§ Work required
The required output is the exact run of lines in the listing below from the line holding "1993-john-deere-8570-image-11" through the line holding "Used 2023 Chevrolet", with no pictures.

§ Available data
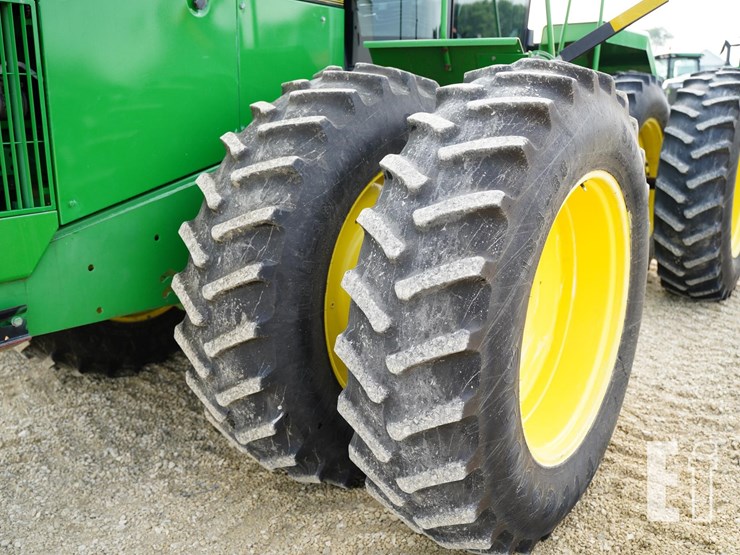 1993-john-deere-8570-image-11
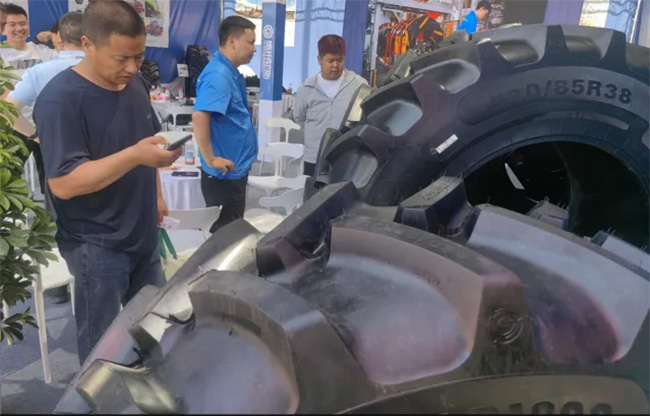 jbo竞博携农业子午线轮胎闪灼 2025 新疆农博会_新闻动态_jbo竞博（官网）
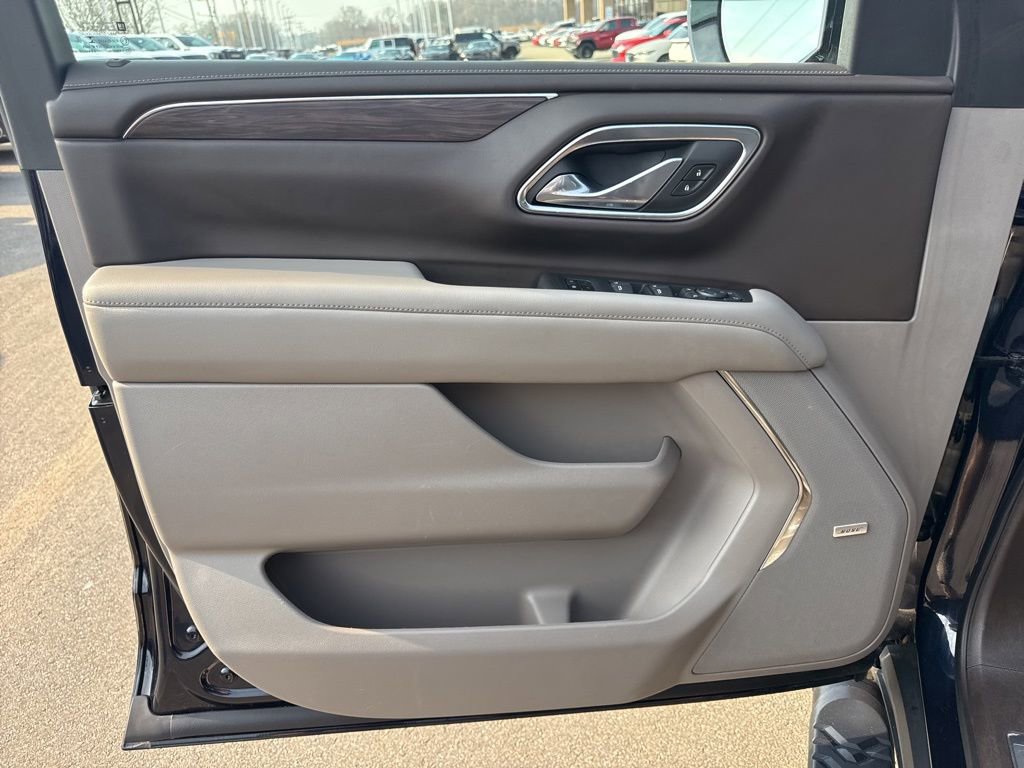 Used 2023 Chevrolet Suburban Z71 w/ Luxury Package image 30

---

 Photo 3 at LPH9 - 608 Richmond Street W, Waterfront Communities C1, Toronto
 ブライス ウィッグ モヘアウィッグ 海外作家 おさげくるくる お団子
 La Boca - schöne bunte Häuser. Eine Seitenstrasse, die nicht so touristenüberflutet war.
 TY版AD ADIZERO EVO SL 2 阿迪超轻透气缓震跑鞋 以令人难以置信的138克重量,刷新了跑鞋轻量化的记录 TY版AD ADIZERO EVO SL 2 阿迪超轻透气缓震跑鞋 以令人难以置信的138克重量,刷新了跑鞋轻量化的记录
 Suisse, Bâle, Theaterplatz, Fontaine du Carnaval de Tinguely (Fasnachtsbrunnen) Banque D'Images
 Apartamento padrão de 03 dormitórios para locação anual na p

§ Your solution
 1993-john-deere-8570-image-11
 jbo竞博携农业子午线轮胎闪灼 2025 新疆农博会_新闻动态_jbo竞博（官网）
 Used 2023 Chevrolet Suburban Z71 w/ Luxury Package image 30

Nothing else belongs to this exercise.